Embedding Safety into RL: A New Take on Trust Region Methods
Milosevic, Nikola, Müller, Johannes, Scherf, Nico
Reinforcement Learning (RL) agents are able to solve a wide variety of tasks but are prone to producing unsafe behaviors. Constrained Markov Decision Processes (CMDPs) provide a popular framework for incorporating safety constraints. However, common solution methods often compromise reward maximization by being overly conservative or allow unsafe behavior during training. We propose Constrained Trust Region Policy Optimization (C-TRPO), a novel approach that modifies the geometry of the policy space based on the safety constraints and yields trust regions composed exclusively of safe policies, ensuring constraint satisfaction throughout training.
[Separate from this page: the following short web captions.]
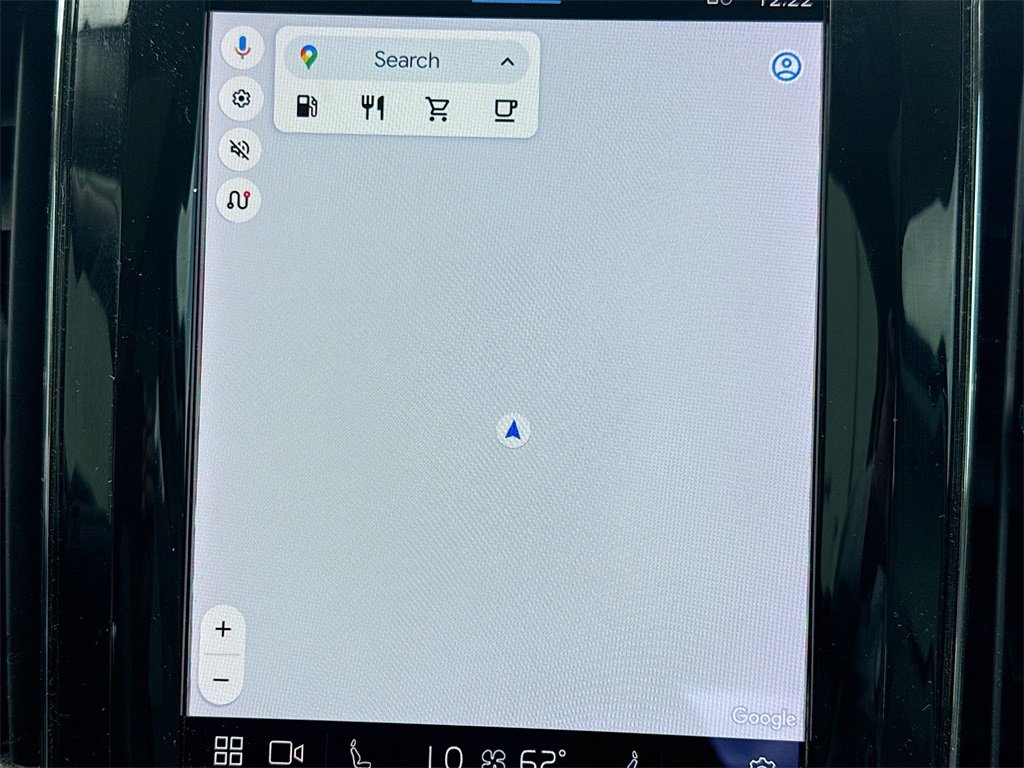 Used 2022 Volvo XC60 B5 Momentum image 14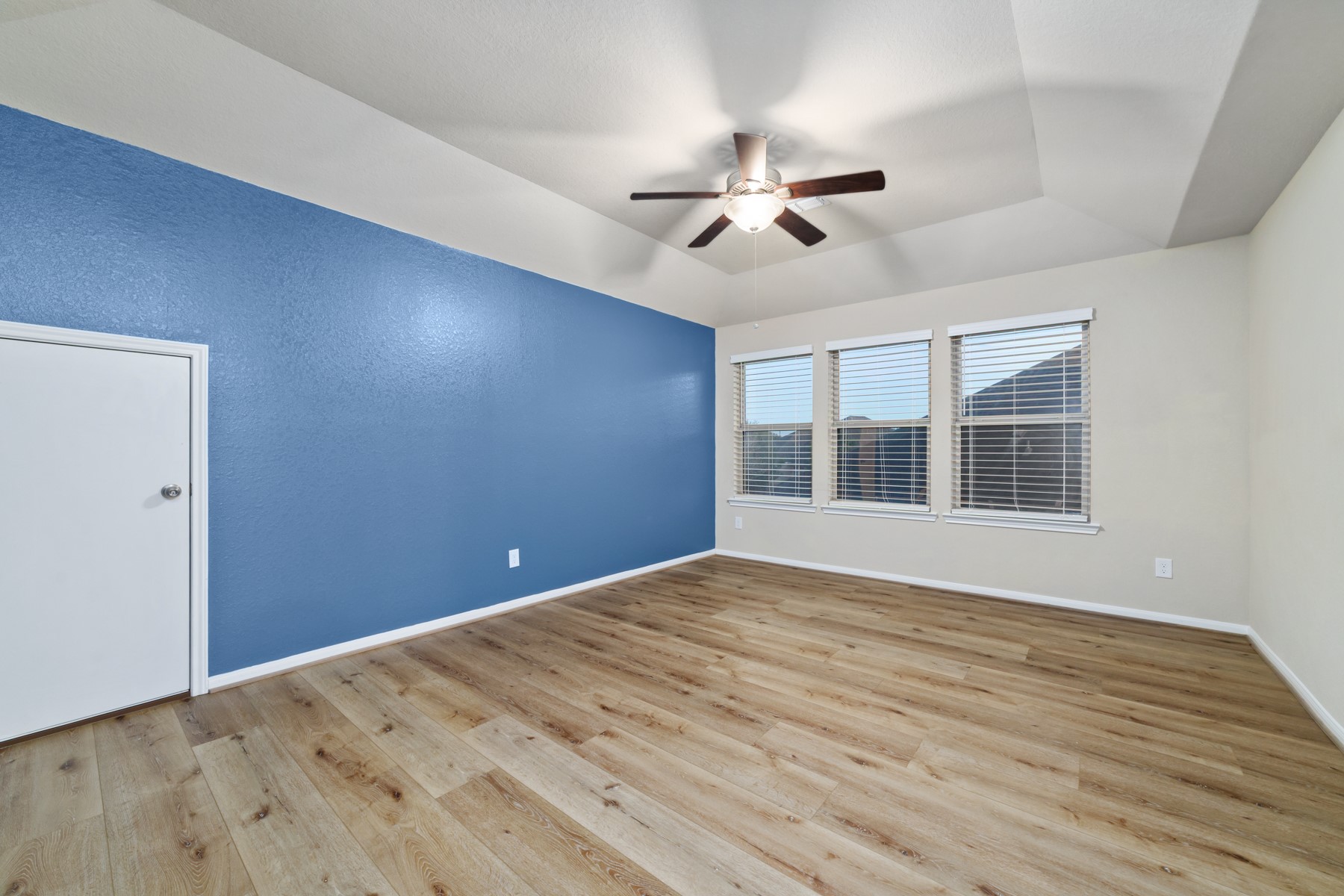17003 Hinkley Glen Court Property Photo 25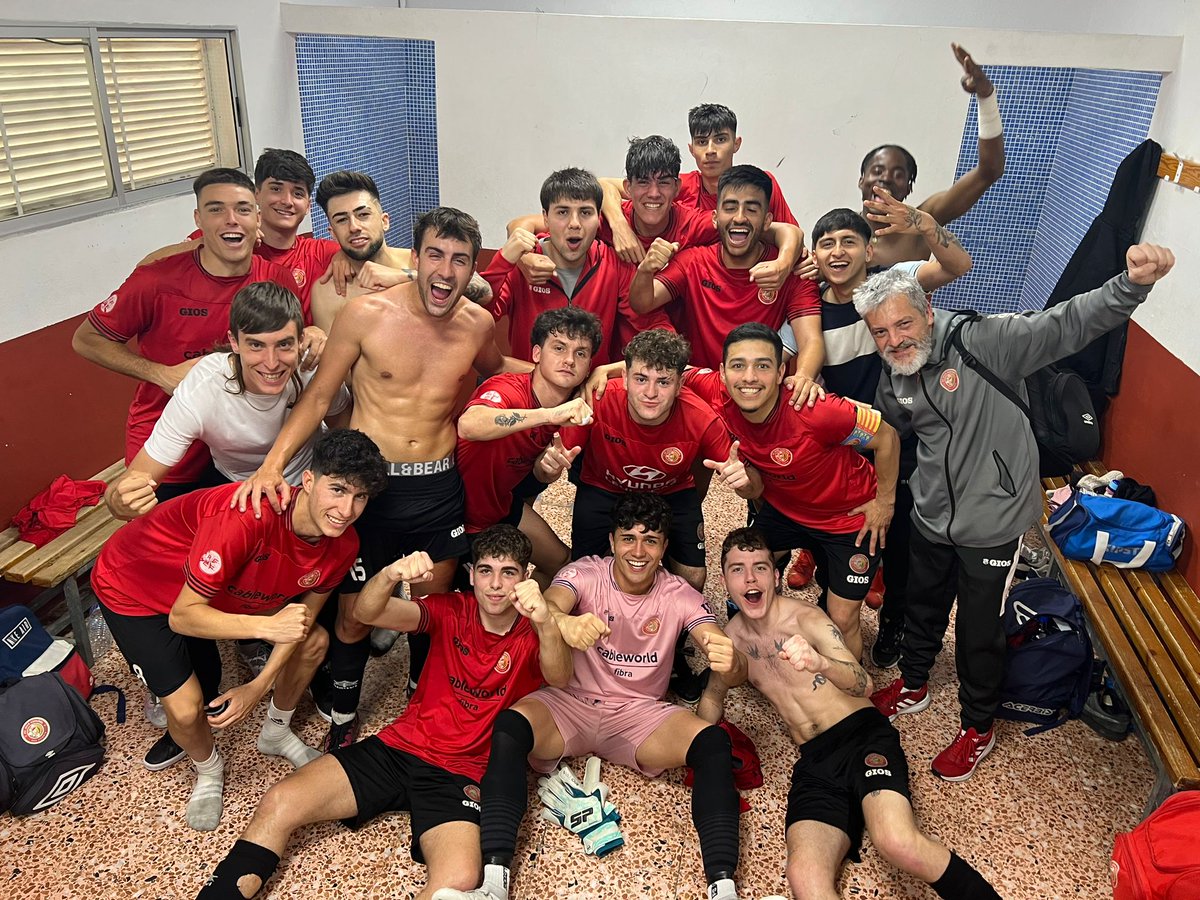 Después del mazazo de ayer, quiero dar las gracias al <a href="/jovesanvicente/">FCJ Español de San Vicente</a> y a su gente por estos dos años de experiencias y mucho aprendizaje.
He disfrutado como un niño tanto en el filial como en el primer equipo!
Siempre 🖤♥️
We theoretically study the convergence and update properties of C-TRPO and highlight connections to TRPO, Natural Policy Gradient (NPG), and Constrained Policy Optimization (CPO). Finally, we demonstrate experimentally that C-TRPO significantly reduces constraint violations while achieving competitive reward maximization compared to state-of-theart CMDP algorithms. Reinforcement Learning (RL) has emerged as a highly successful paradigm in machine learning for solving sequential decision and control problems, with policy gradient (PG) algorithms as a popular approach (Williams, 1992; Sutton et al., 1999; Konda & Tsitsiklis, 1999).